Action item. Copy exactly, beginning with the line holding "Pink Crystal Beads" and ending with the final line of the data beneath this task; copy nothing else, and leave out every picture.

Dataset excerpt.
▶

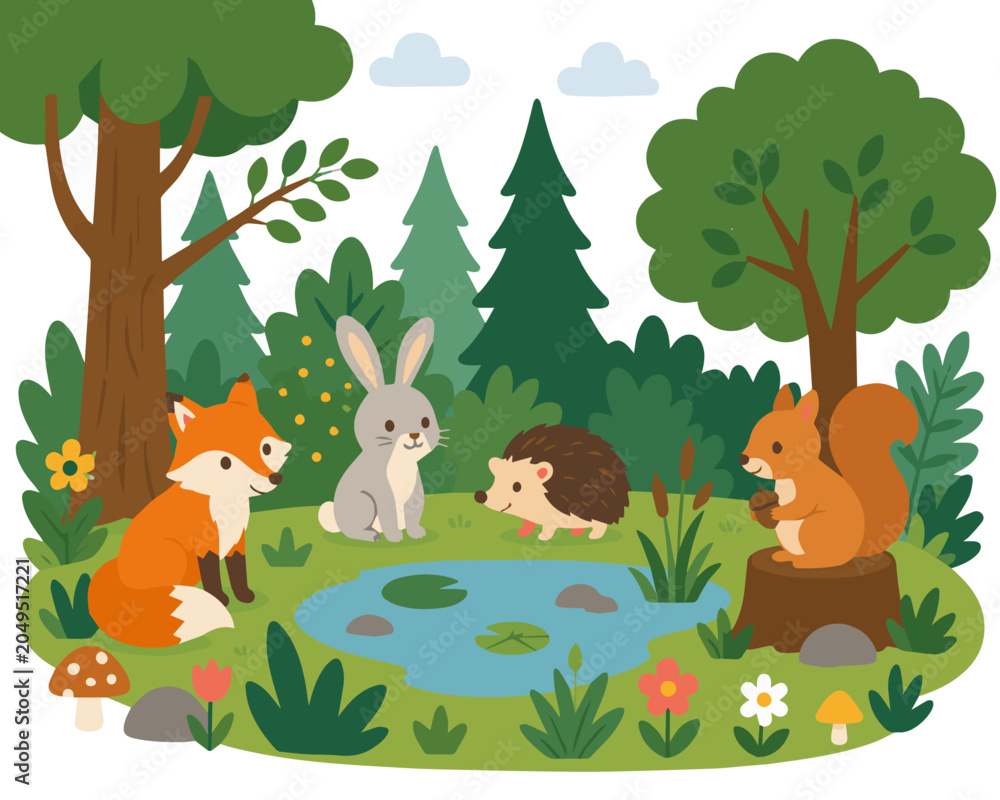 Fototapeta premium Cute Woodland Animals Gathering Around a Calm Forest Pond Vector Illustration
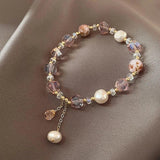 Pink Crystal Beads Pearl Bracelet Women's All-Match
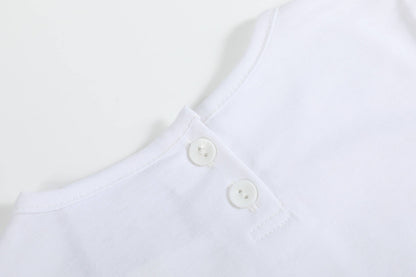 Lil Cactus White Cotton Layering Girls Shirt: 3T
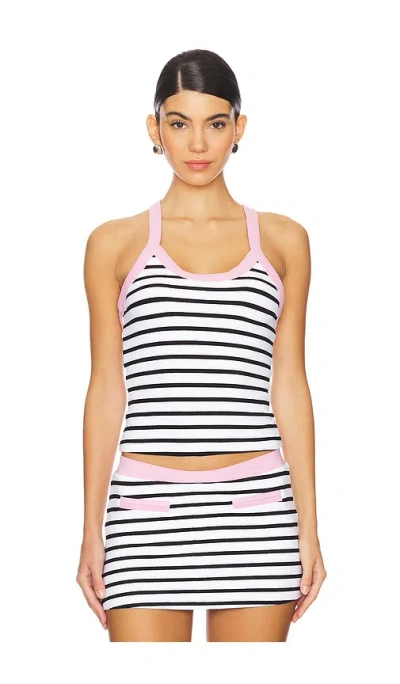 Frankies Bikinis Velma Terry Tank In Vintage Stripe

◀

Result.
 Pink Crystal Beads Pearl Bracelet Women's All-Match
 Lil Cactus White Cotton Layering Girls Shirt: 3T
 Frankies Bikinis Velma Terry Tank In Vintage Stripe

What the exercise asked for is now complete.